- Opening Delimiter -

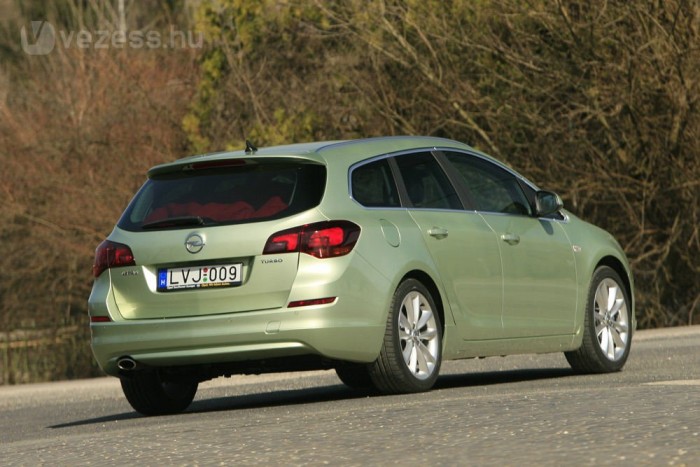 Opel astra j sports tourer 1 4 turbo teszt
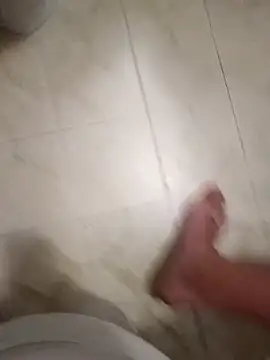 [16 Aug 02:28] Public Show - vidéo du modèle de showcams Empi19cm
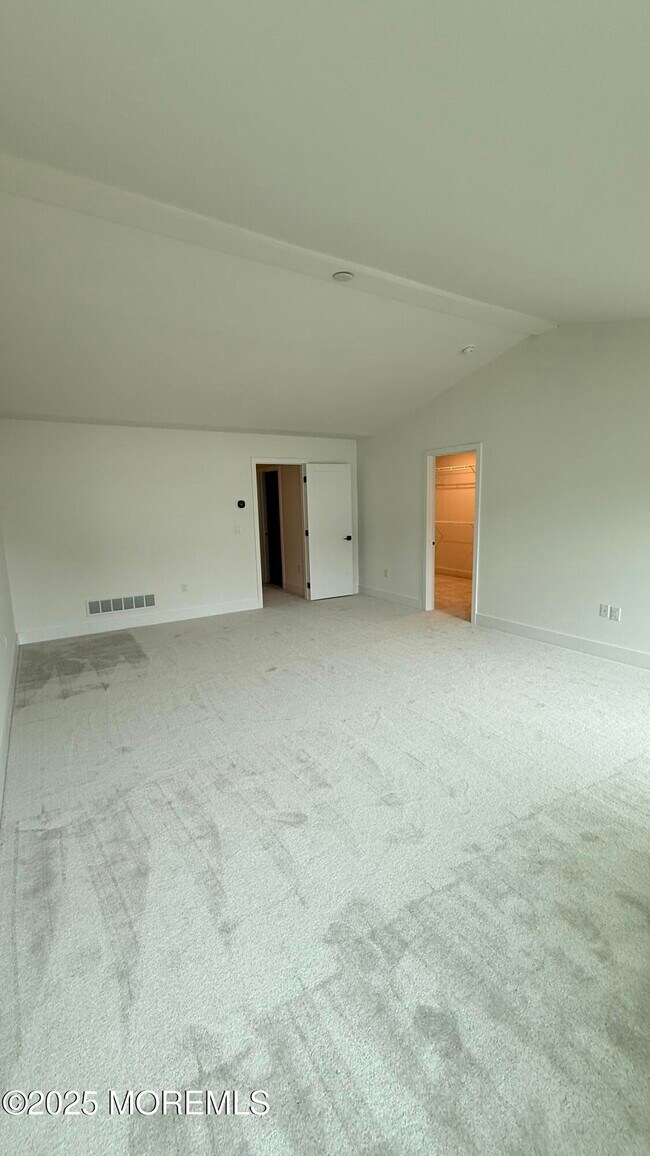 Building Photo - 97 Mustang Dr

- Closing Delimiter -
- Opening Delimiter -

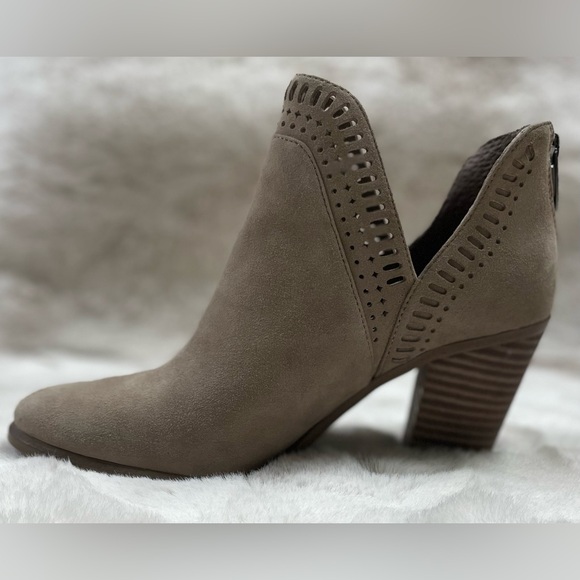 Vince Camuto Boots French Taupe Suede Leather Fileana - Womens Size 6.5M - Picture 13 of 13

- Closing Delimiter -

Starting with the line that has "[16 Aug 02:28]" and ending with the line that has "Building Photo - 97 Mustang Dr", repeat the lines above exactly, omitting every picture.

 [16 Aug 02:28] Public Show - vidéo du modèle de showcams Empi19cm
 Building Photo - 97 Mustang Dr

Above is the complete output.